After a busy weekend I wasn’t terribly excited to go see a show on a Sunday night but I really liked what I’d heard from the Beaches so I decided to give it a go. After all, I’m not going to look back in twenty years and regret missing that night sitting in front of the television.
It doesn’t help that the Capital Ballroom opens at seven but routinely makes you sit around drinking for a couple of hours before anything happens. I fill a bit of that time getting a prime seat (which are hard to find, and harder to guard) and hitting the merch table. The Beaches get full marks for a solid merch table, with a good selection ‘manned’ by an engaging and beautiful woman covered in tattoos. My one beef was that they took Visa, which slows down the lineup to a crawl. I feel like the merch table is one of the last “cash only” bastions out there, and we should keep it that way for at least a little longer.
The opening act was Taylor Knox, a tall skinny alt-rock kid who did everything right. He introduced himself, made sure to give a shout out to the headliner and played well. He had a seventies look and a nineties sound and while it didn’t inspire me to go back to the merch table for his album, he was a solid opener.
Then the Beaches hit the stage and it was like the arrival of a hurricane. Star power washed off these women before they played a note. Some bands are lucky to have one person that has the “it” factor. All four women in the Beaches have it – a palpable “look at me and don’t look away” power that you can’t fake and you can’t teach.
The drummer, Eliza Enman-McDaniel has a Tank Girl punk vibe, as she hunches over the drums with a feverish, inwardly focused intensity. Bassist/lead vocalist Jordan Miller has a coquettish power and a hundred different ways to stylishly swing a bass while she winks at you and smiles in a way that says “yeah, I’m teasing you a little, but you like it.” Guitarist Kyle Miller channels the Go-Go’s Jane Wiedlin with high kicks and punk pop style. Keyboardist Leandra Earl looks like she fell out of the seventies with bell bottom pants that she performed shoulder high kicks in while playing the organ.
With the possible exception of Enman-McDaniel (who still draws you in with her intensity) every woman loves the spotlight. Despite this they never seem to be competing for your attention. Instead, like a well-mixed song, their performance lets your focus shift back and forth and take it all in. They seem genuinely happy to share the stage with each other.

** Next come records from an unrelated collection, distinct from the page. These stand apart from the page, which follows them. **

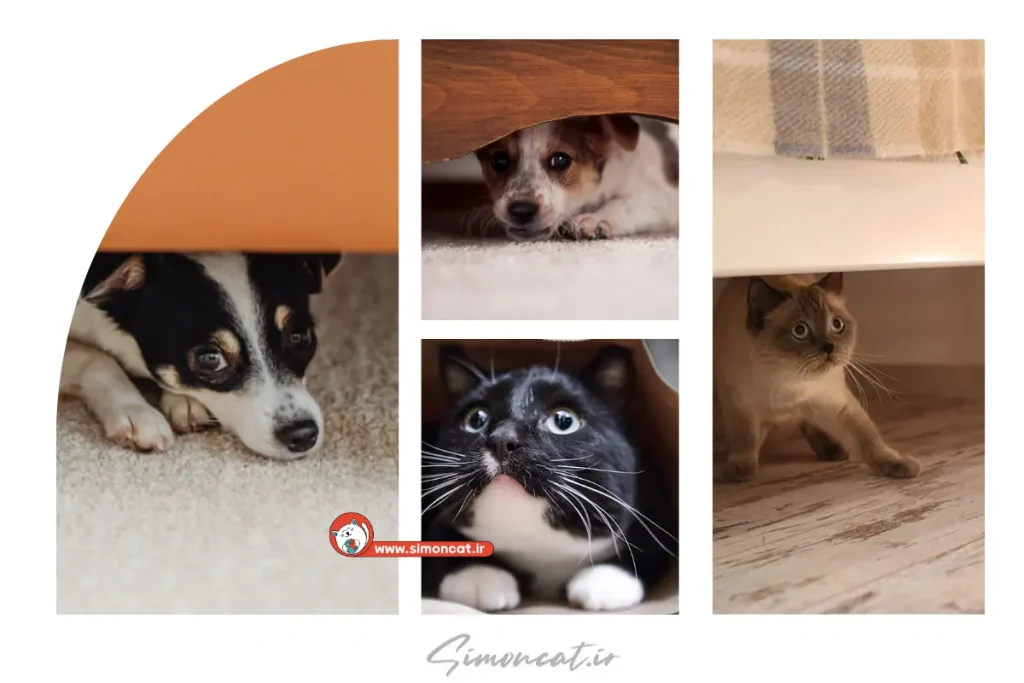 در این روز های پرفشار چگونه صاحب بهتری برای سگ و گربه مان باشیم؟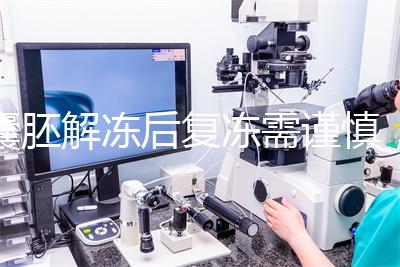 囊胚解凍后復(fù)凍需謹(jǐn)慎,這些對胚胎質(zhì)量的影響不可不知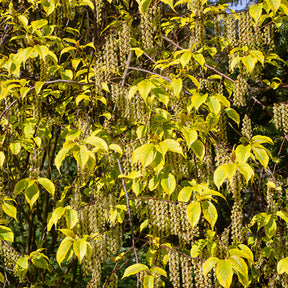 Staartaar - Stachyurus chinensis Joy Forever - Willemse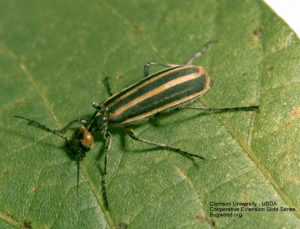 Figure 2. The Striped Blister Beetle  (Epicauta vittata) Clemson Univ. USDA CES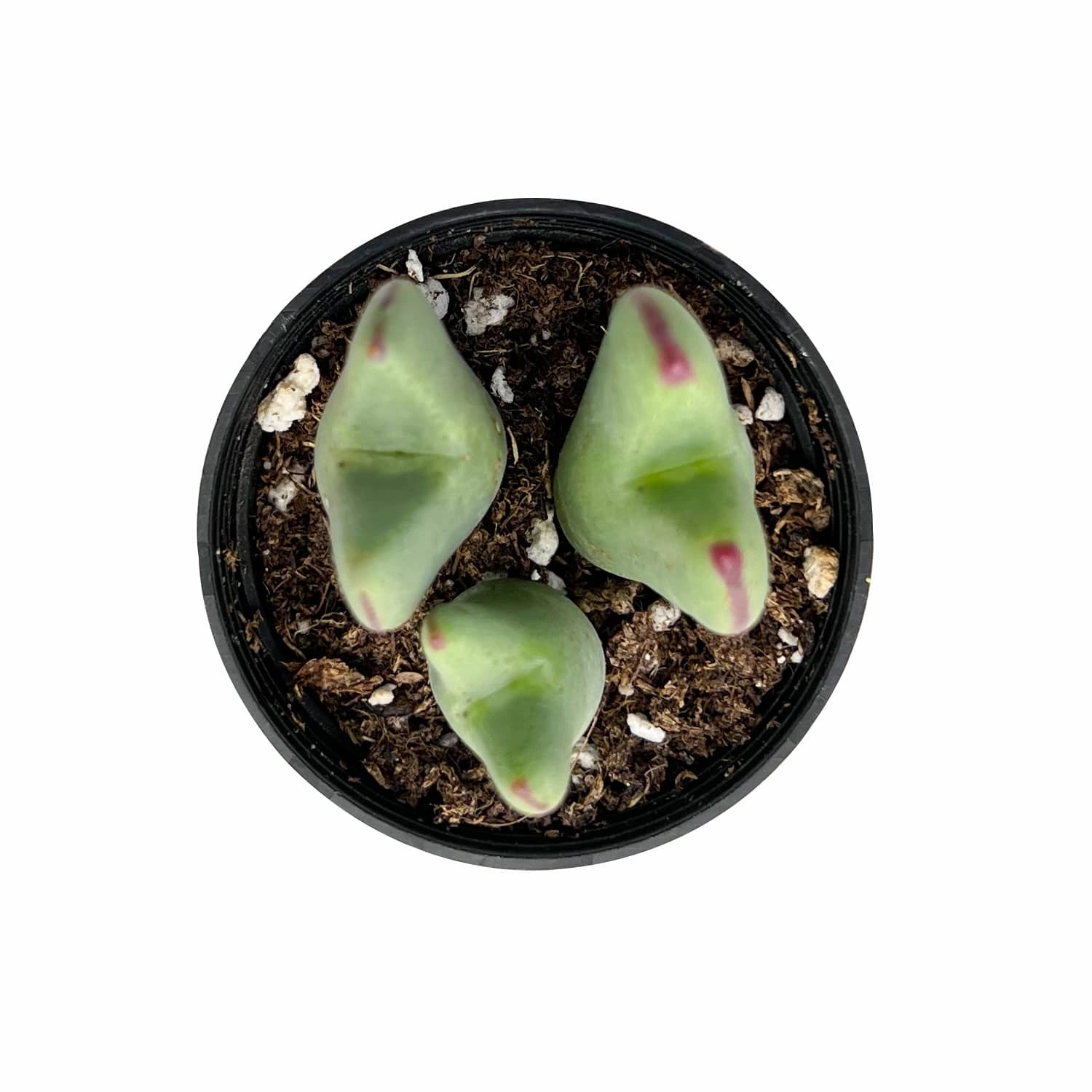 Conophytum bilobum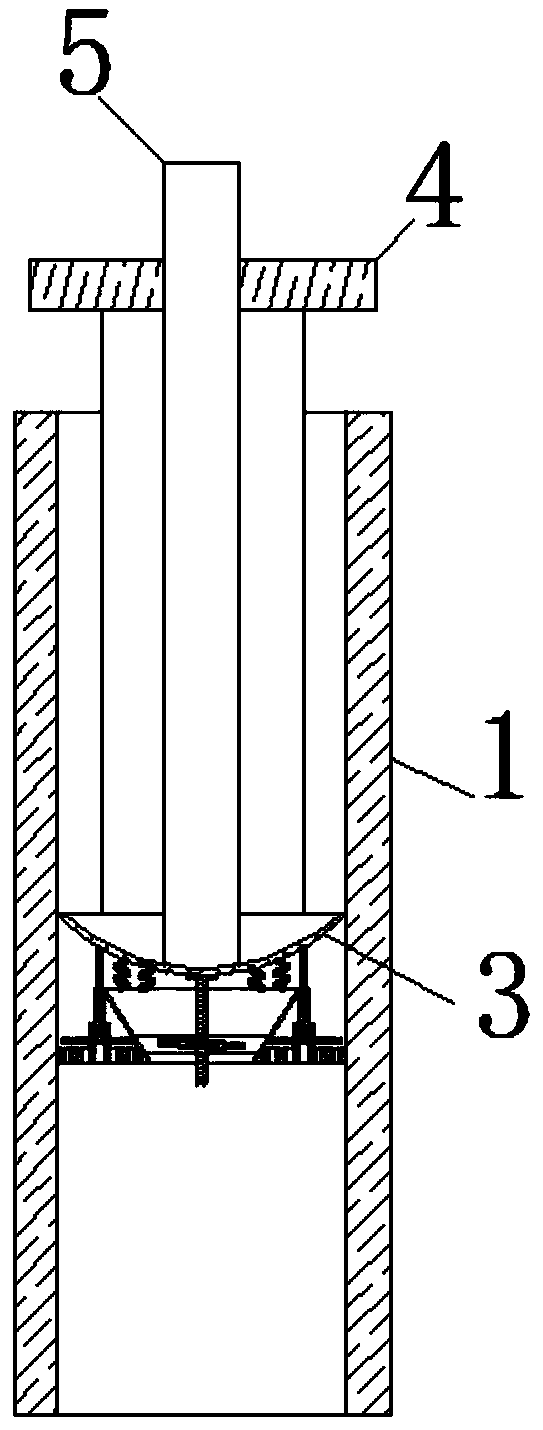 Medical-purpose advanced immunization apparatus for pseudorabies inpiglets in pseudorabies-positive pig farms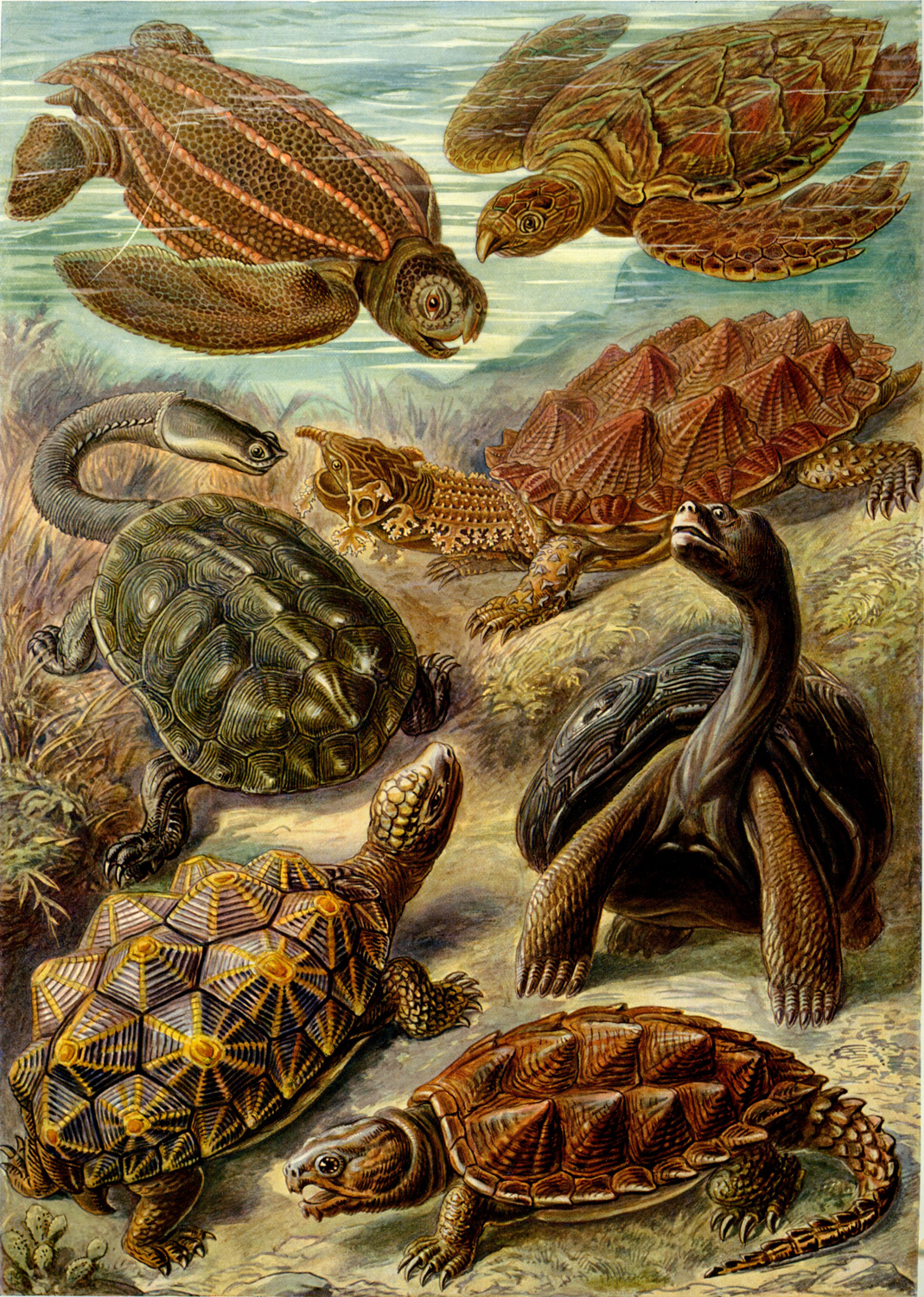 Chelonia, 1904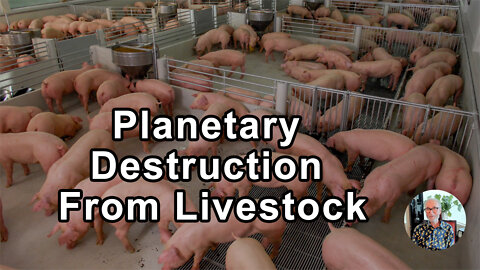 The Main Cause Of Planetary Destruction Is Livestock - John McDougall, MD - Interview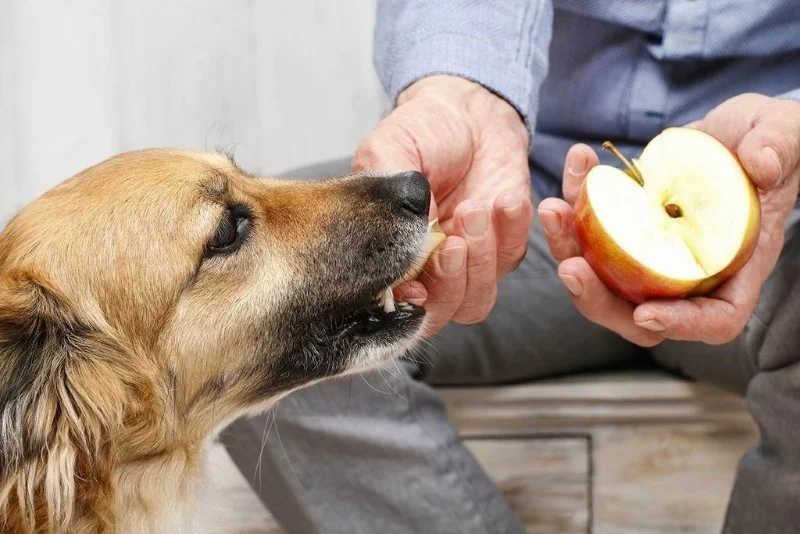 Собака ест яблоко с руки хозяина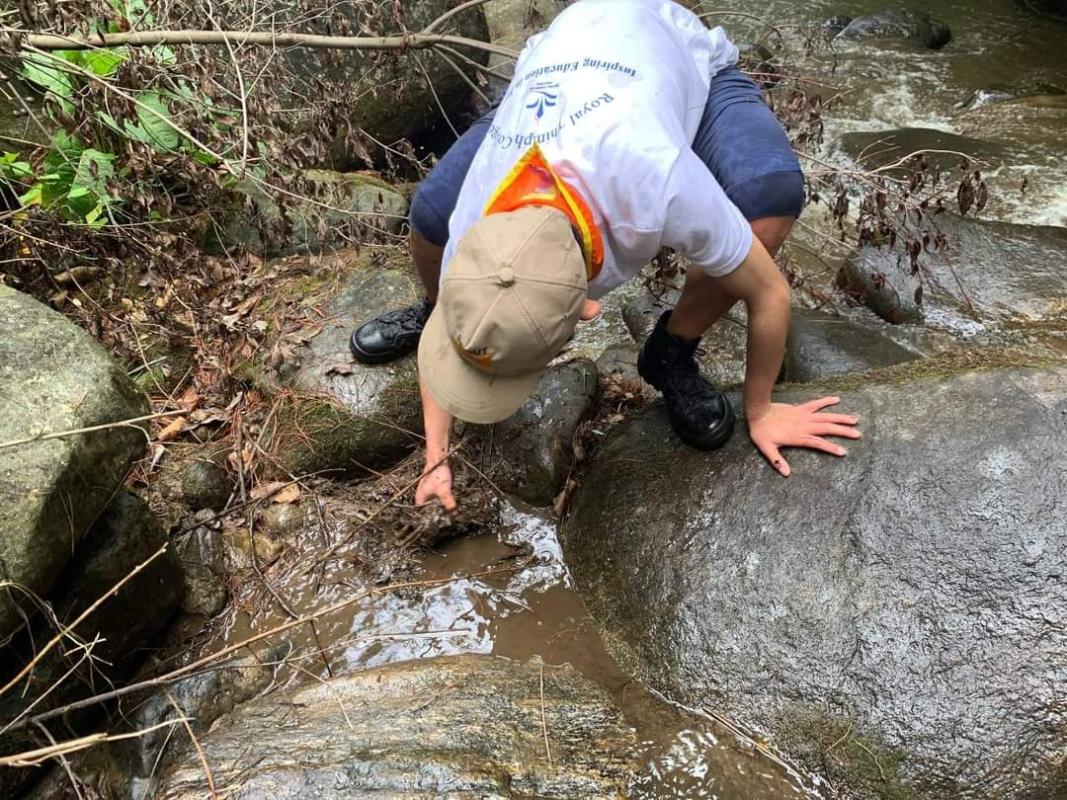 Stream cleaning activity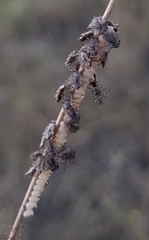 Ululodes quadripunctatus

And that’s just how they perform, because as a band they are musically powerful and precise. A typical Beaches song relies heavily on precision timing, and these women have it. Despite all the brilliant stage moves, they never miss their cue. Earl was particularly impressive. In addition to keyboards, she plays guitar often taking complicated lead licks. At one point she was playing the keyboards with one hand and the guitar with the other.
If there was one negative it was that the mix – for the most part excellent – was a little low on both Earl’s keyboard and her mic. She was doing some pretty cool effects and I wanted to hear them a bit better, but by keeping the organ back in the mix they established a much more powerful rock vibe, which I think was the idea.
The Beaches have a confidence in themselves and each other that is undeniable and it is with good reason. These are four very talented women with personality to spare armed with an album full of potential hits.
The crowd on the floor – mostly twenty-somethings – were fully into the show as well, many singing along or filling in hand claps from the album at exactly the right moment. Overall this was one of the best rock shows I’ve ever been to, and I’ve been to a few.
Victorians lucky enough to be at the show should savor the experience because this is a band on the rise that might not be back for a while. They’re off to be stars.